- Opening Delimiter -
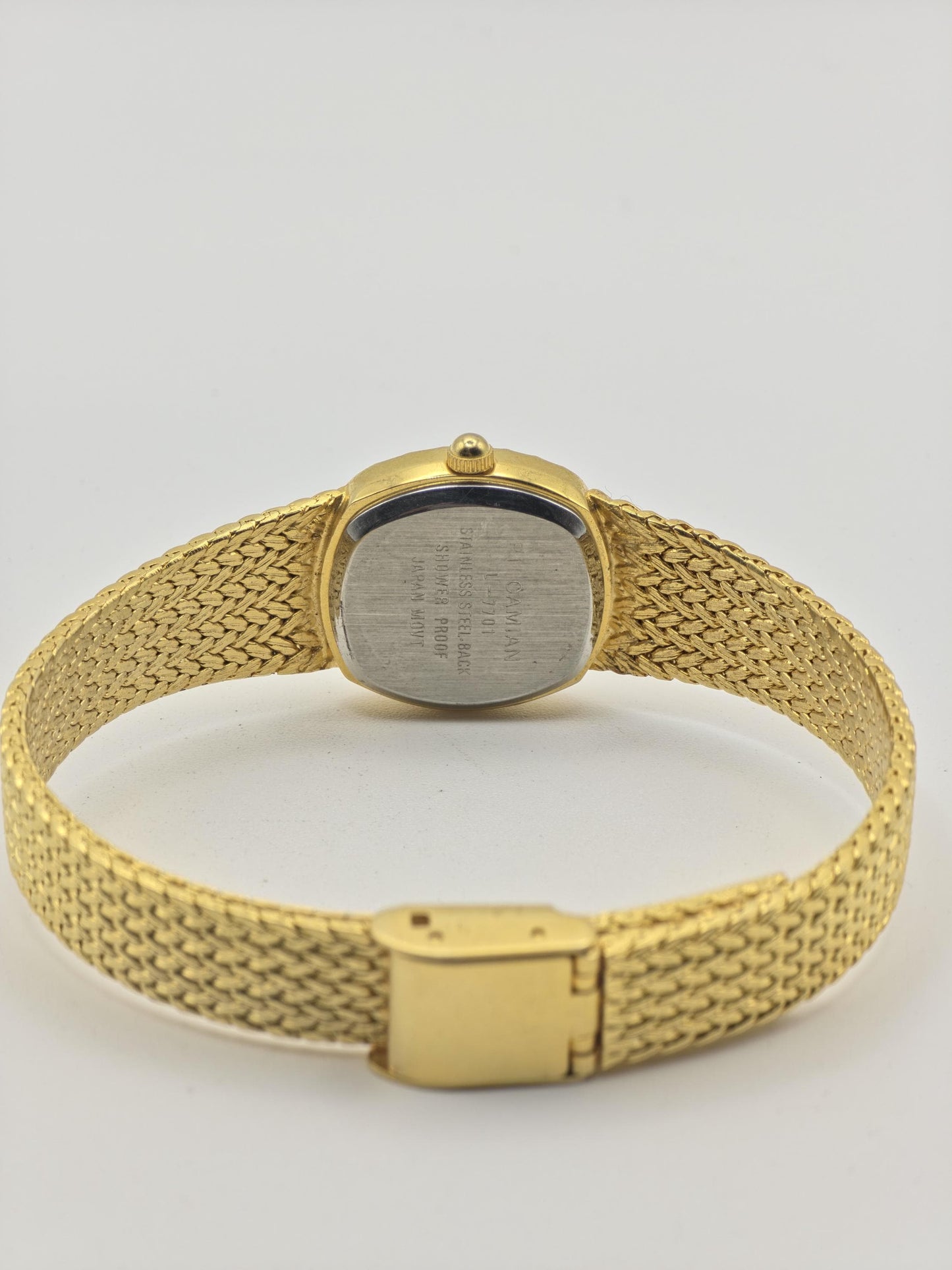 Vintage Pi Camian Women's Quartz Gold Tone Dress Watch - 417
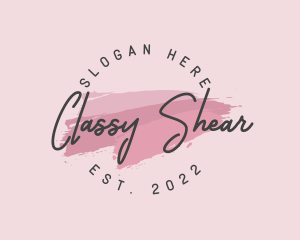 Classy Makeup Wordmark logo design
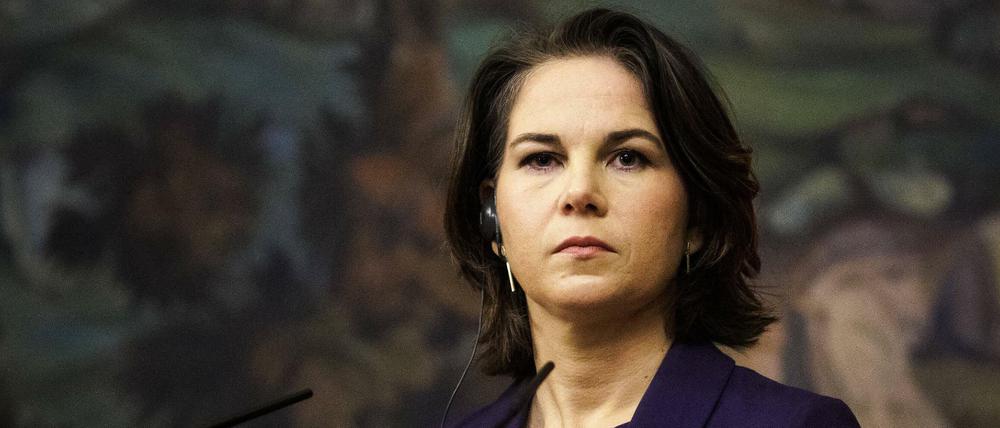 Annalena Baerbock machte ihren Standpunkt in Moskau mehr als deutlich.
- Closing Delimiter -
■ **WHAT YOU ARE ASKED TO DO**
Pictures do not go in the copy. Write out exactly the lines from the line containing "Classy Makeup Wordmark logo design" through the last line of the listing.

■ **TASK SOLUTION**
 Classy Makeup Wordmark logo design
 Annalena Baerbock machte ihren Standpunkt in Moskau mehr als deutlich.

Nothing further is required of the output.